- PROBLEM DESCRIPTION: Could you give back exactly the lines below from the one with "Volkswagen Passat GTE" through the one with "New EZVALO Under", without a single picture?

- EXTRACTED DATA:

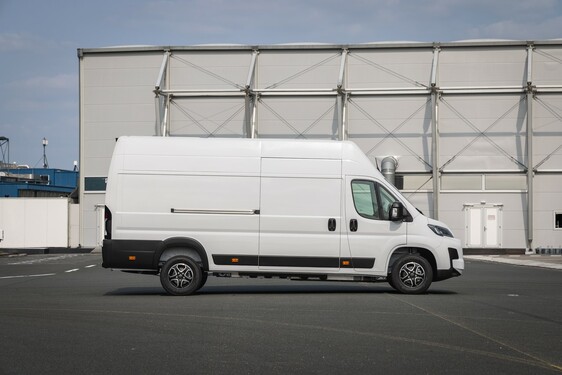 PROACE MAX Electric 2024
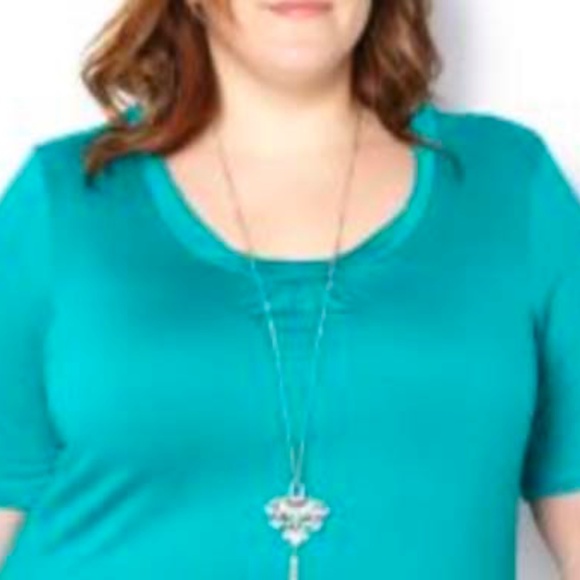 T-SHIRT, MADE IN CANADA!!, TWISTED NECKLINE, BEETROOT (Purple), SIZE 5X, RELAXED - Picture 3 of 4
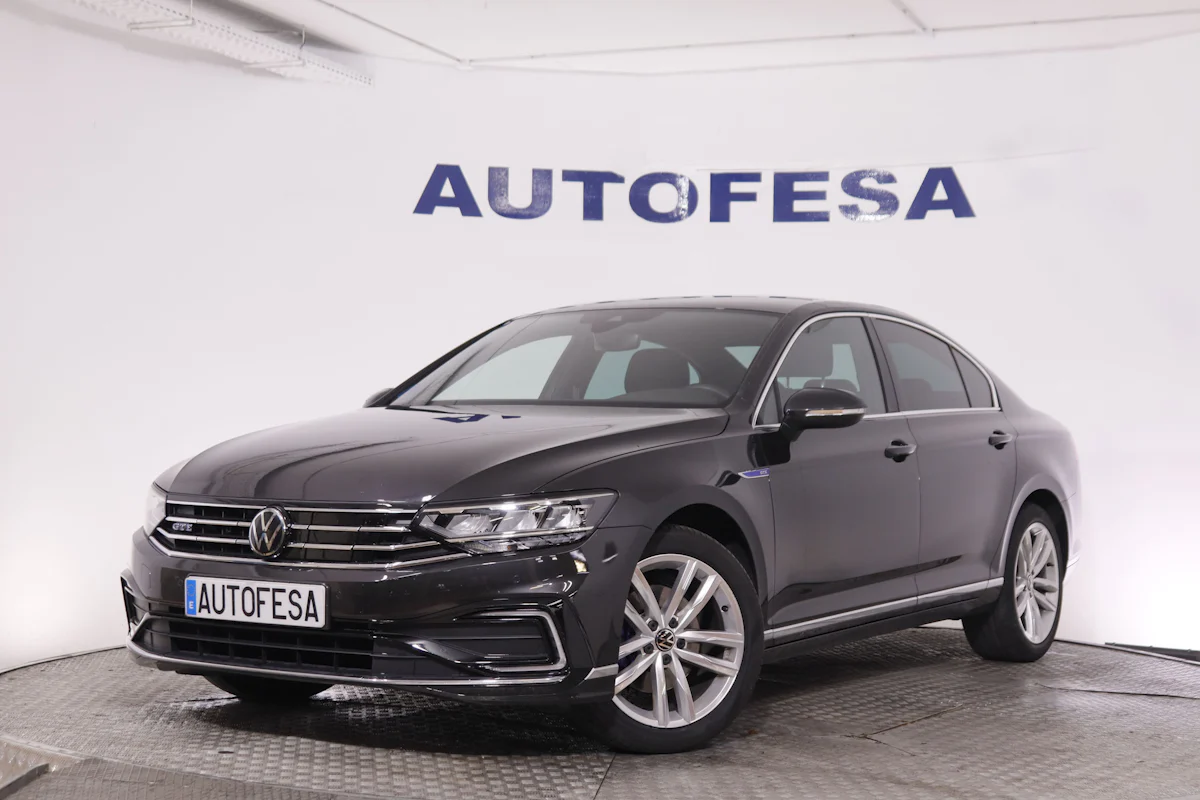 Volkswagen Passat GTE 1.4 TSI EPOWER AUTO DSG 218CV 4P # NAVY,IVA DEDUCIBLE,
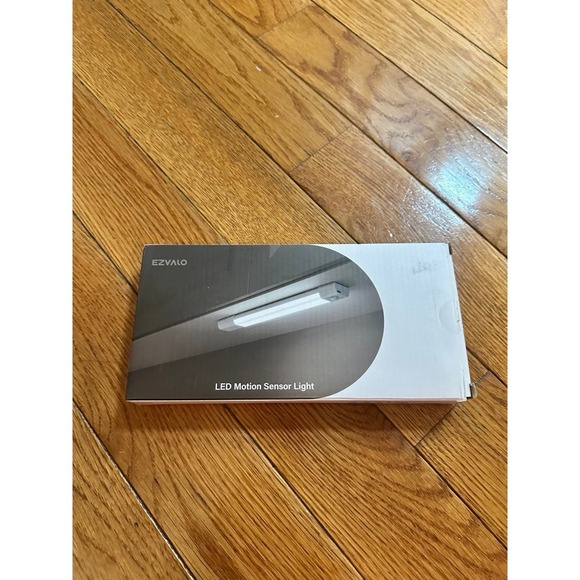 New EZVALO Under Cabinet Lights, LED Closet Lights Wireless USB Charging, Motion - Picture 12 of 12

--

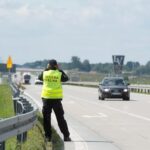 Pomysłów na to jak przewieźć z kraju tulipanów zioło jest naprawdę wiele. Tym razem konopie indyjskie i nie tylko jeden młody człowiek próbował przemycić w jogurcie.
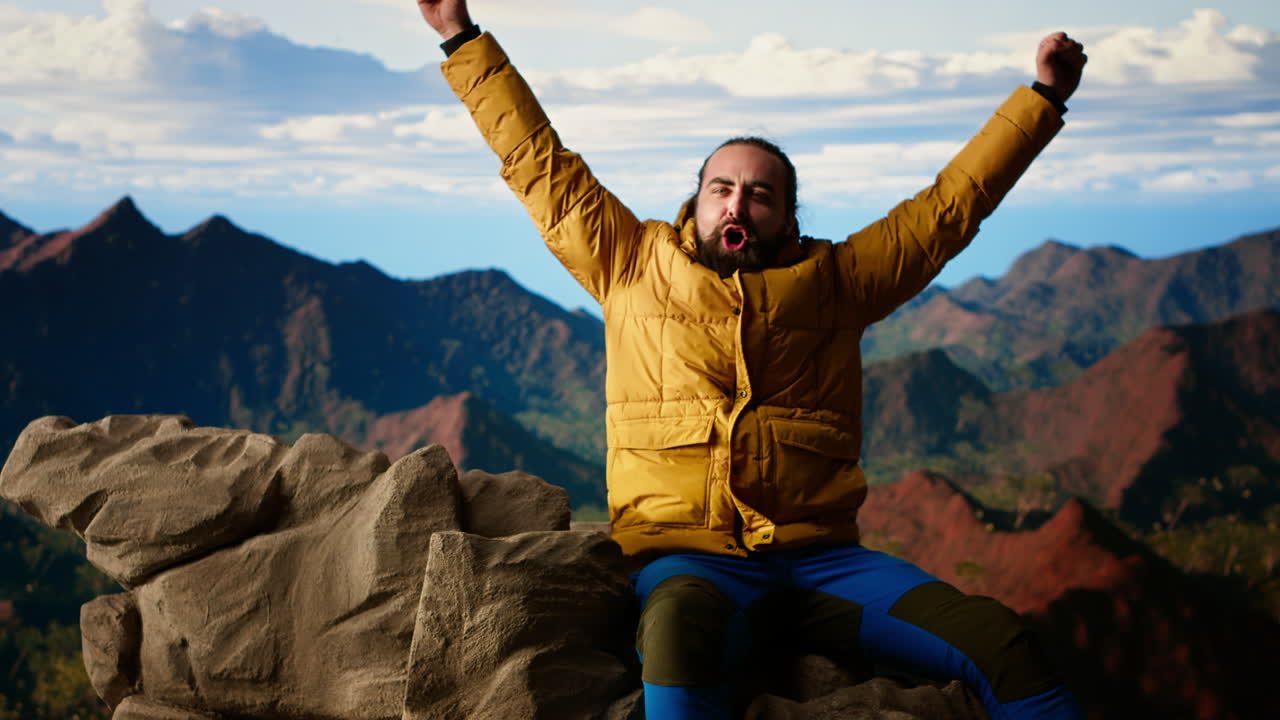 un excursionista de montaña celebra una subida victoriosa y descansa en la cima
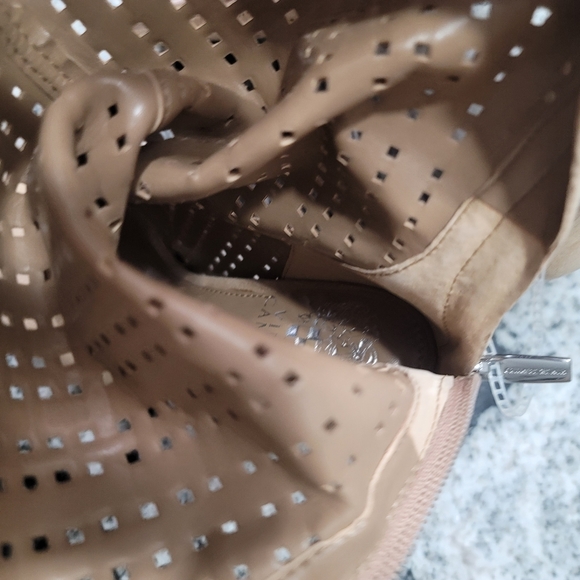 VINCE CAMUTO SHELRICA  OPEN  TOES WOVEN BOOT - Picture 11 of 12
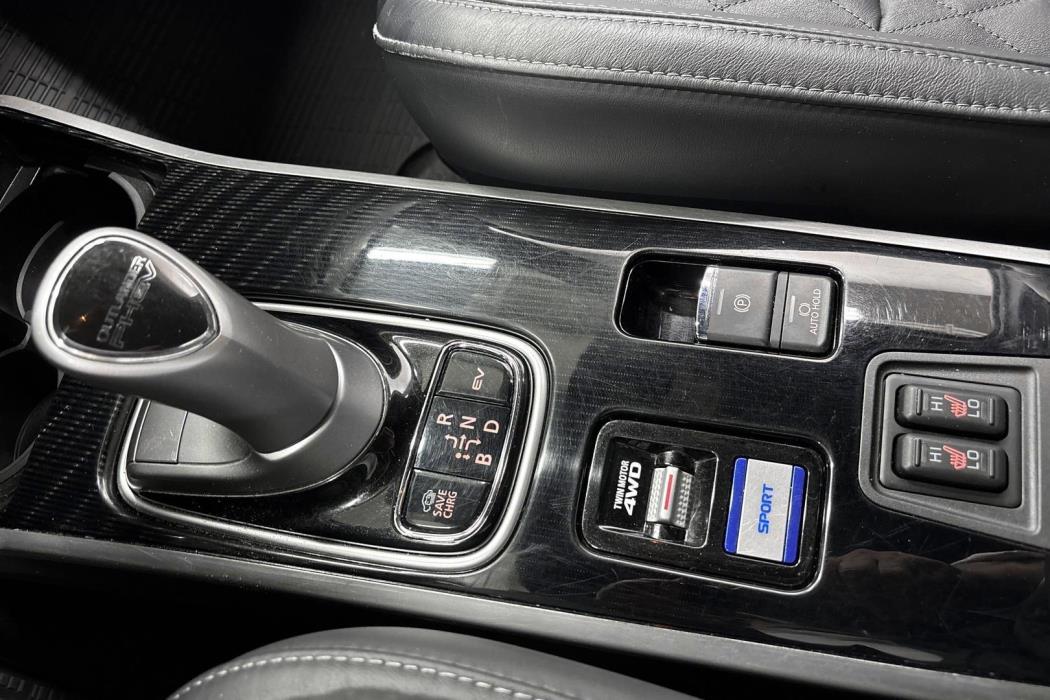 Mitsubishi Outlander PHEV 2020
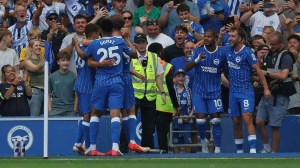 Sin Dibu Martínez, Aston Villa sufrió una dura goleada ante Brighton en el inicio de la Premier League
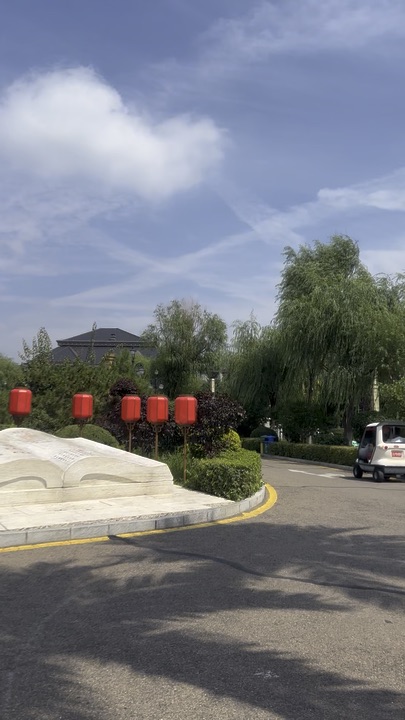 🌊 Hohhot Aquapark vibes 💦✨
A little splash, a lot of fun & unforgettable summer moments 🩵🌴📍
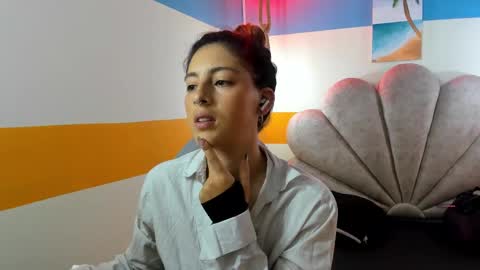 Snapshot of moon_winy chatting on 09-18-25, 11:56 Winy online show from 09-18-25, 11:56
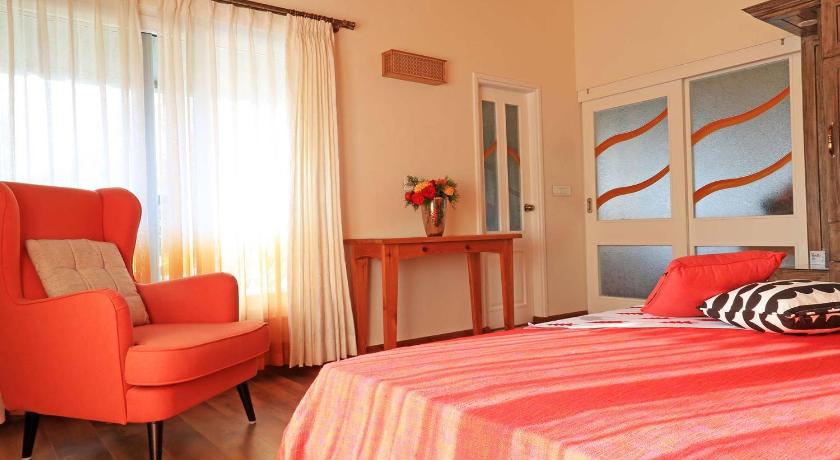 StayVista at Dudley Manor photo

- TASK ANSWER:
 Volkswagen Passat GTE 1.4 TSI EPOWER AUTO DSG 218CV 4P # NAVY,IVA DEDUCIBLE,
 New EZVALO Under Cabinet Lights, LED Closet Lights Wireless USB Charging, Motion - Picture 12 of 12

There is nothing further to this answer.